» **Exercise details**: Write out the line with "I did buy the" and every later line through the end of the data below, exactly as given, with no pictures in the copy.

» **Data block**:
******************************

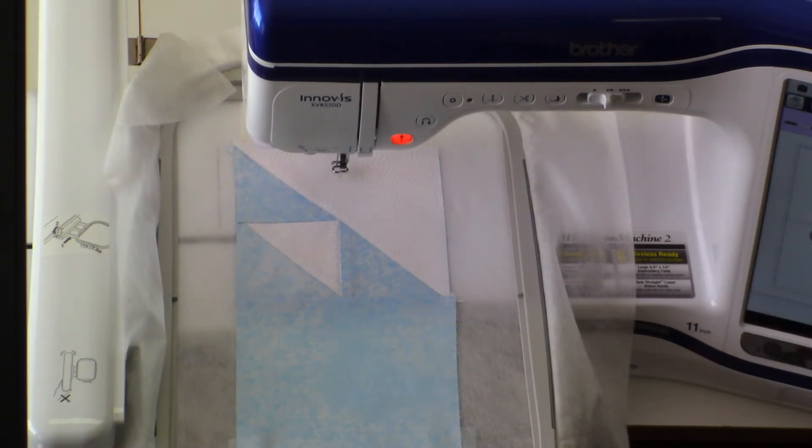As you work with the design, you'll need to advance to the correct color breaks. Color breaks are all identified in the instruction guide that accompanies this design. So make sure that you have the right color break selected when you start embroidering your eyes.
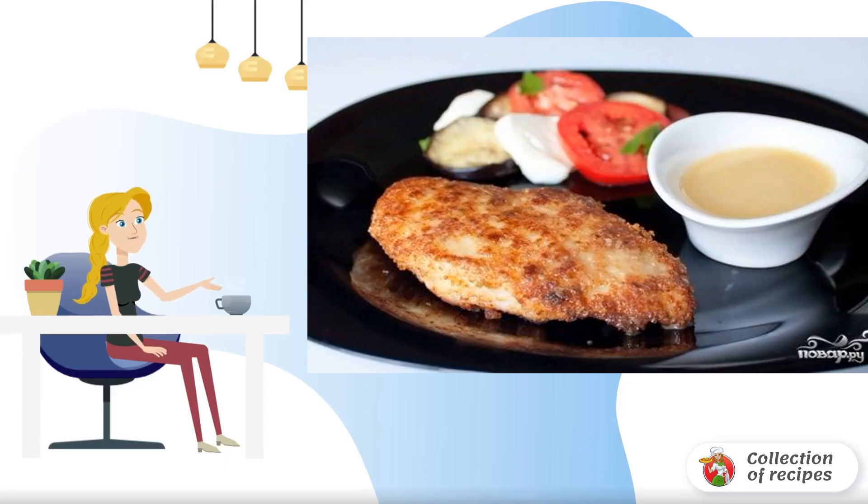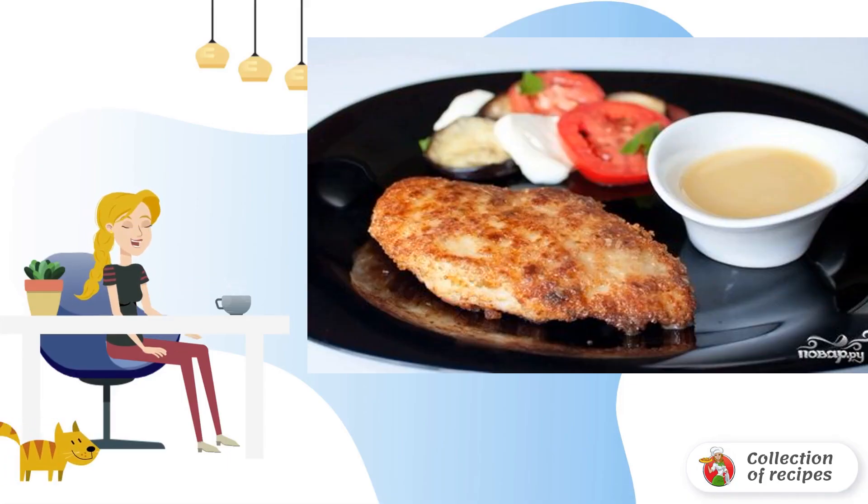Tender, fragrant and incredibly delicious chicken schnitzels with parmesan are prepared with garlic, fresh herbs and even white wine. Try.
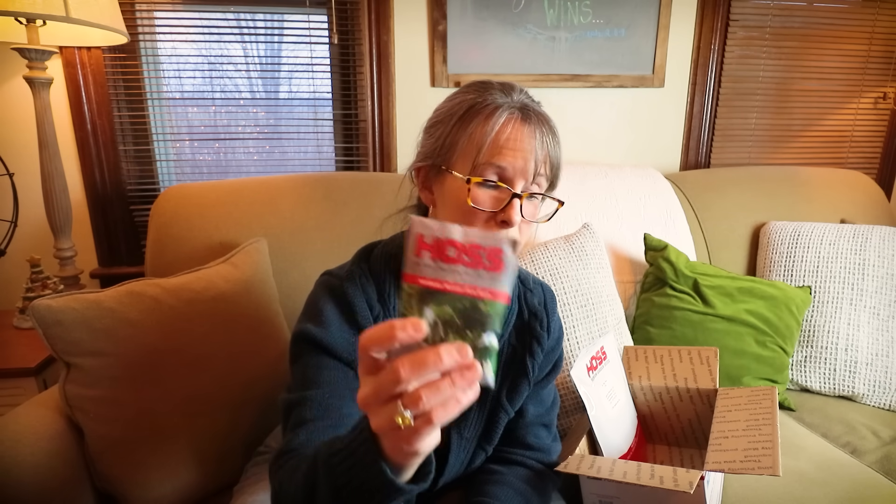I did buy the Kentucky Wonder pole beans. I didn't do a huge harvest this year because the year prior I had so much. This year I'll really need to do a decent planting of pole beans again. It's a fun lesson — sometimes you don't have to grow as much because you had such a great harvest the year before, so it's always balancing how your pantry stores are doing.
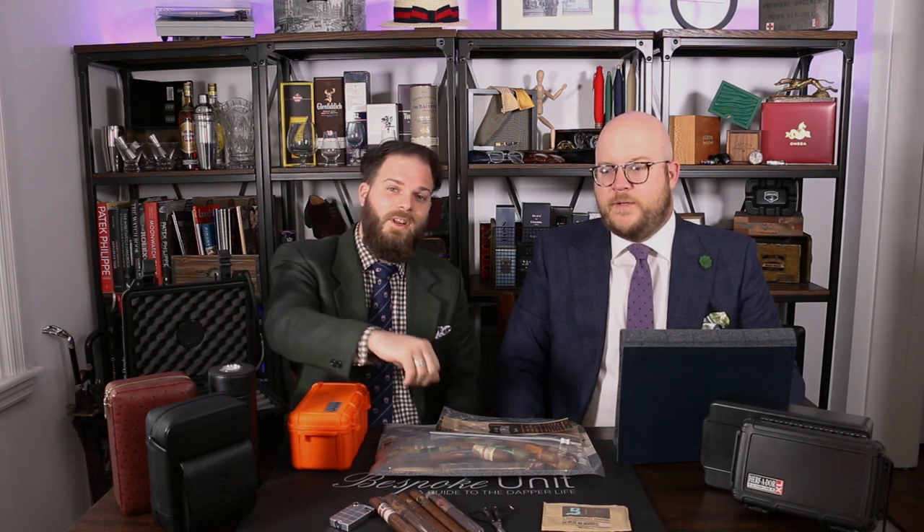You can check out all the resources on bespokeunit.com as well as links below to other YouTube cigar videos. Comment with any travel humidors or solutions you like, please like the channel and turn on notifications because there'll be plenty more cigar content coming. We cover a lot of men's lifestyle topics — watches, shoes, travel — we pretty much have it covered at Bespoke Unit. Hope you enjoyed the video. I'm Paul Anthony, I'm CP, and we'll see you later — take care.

******************************

» **Written solution**:
I did buy the Kentucky Wonder pole beans. I didn't do a huge harvest this year because the year prior I had so much. This year I'll really need to do a decent planting of pole beans again. It's a fun lesson — sometimes you don't have to grow as much because you had such a great harvest the year before, so it's always balancing how your pantry stores are doing.
You can check out all the resources on bespokeunit.com as well as links below to other YouTube cigar videos. Comment with any travel humidors or solutions you like, please like the channel and turn on notifications because there'll be plenty more cigar content coming. We cover a lot of men's lifestyle topics — watches, shoes, travel — we pretty much have it covered at Bespoke Unit. Hope you enjoyed the video. I'm Paul Anthony, I'm CP, and we'll see you later — take care.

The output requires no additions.